Though the problem is now being recognized as a crisis, we’ve been aware of it for some time. It was the impetus behind the Maya Angelou Center for Health Equity, part of the Wake Forest Clinical and Translational Science Institute. Novant Health has received awards for its efforts to reduce health care disparities.
And a recent report from the Commonwealth Fund, a health care policy nonprofit, showed that racial disparities in access to health care have shrunk since the Affordable Care Act was implemented in 2010.
But it has not been enough.
The N.C. Healthcare Association’s resolution calls for hospitals to work in three areas:
- Education: Hospitals will provide anti-bias training and professional development to their boards, executives and staff.

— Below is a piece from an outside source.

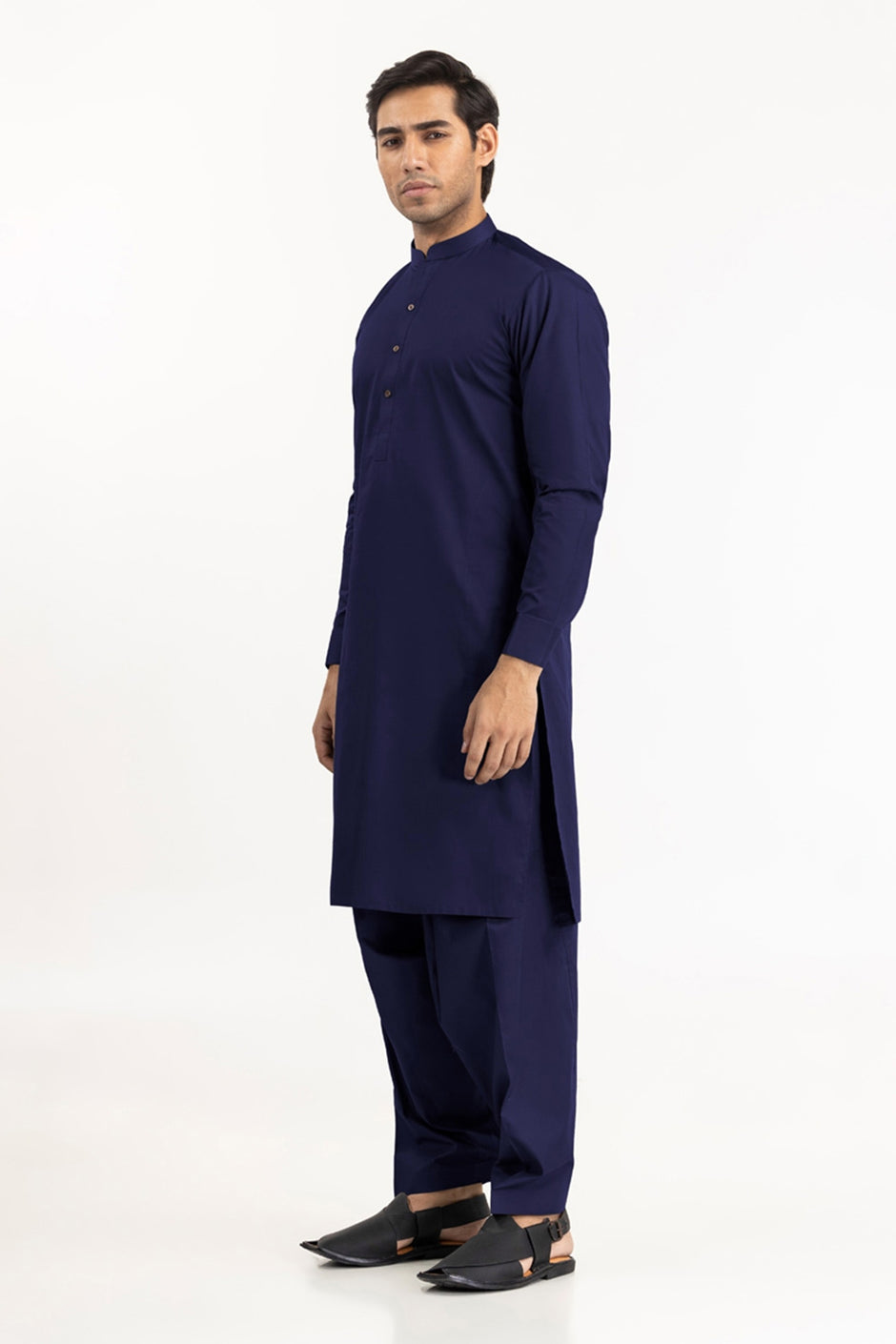 GUL 90000 Ultra Soft Unstitched Fabric Cotton-LF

- Innovation: Hospitals and the association will identify and implement effective ways to reduce health care disparities and share what works with other hospitals in the state.
- Data: Hospitals and the association will gather and analyze data to identify gaps in health care delivery and outcomes and to “track and hold ourselves accountable to measurable change.”
Providing more equitable care will, of course, call for a financial commitment. And we realize that many in the state are resistant to the idea of giving people health care.
But if coronavirus has taught us anything, it should have been that one person’s health can affect another’s — we’re breathing the same air. Like it or not, we’re all in this together.
Providing more equitable access to health care is a goal to which all medical professionals and all people of good will should commit themselves, for the good of our own communities.
Support for Medicaid expansion, which congressional Republicans have resisted for a decade now, should be part of that commitment.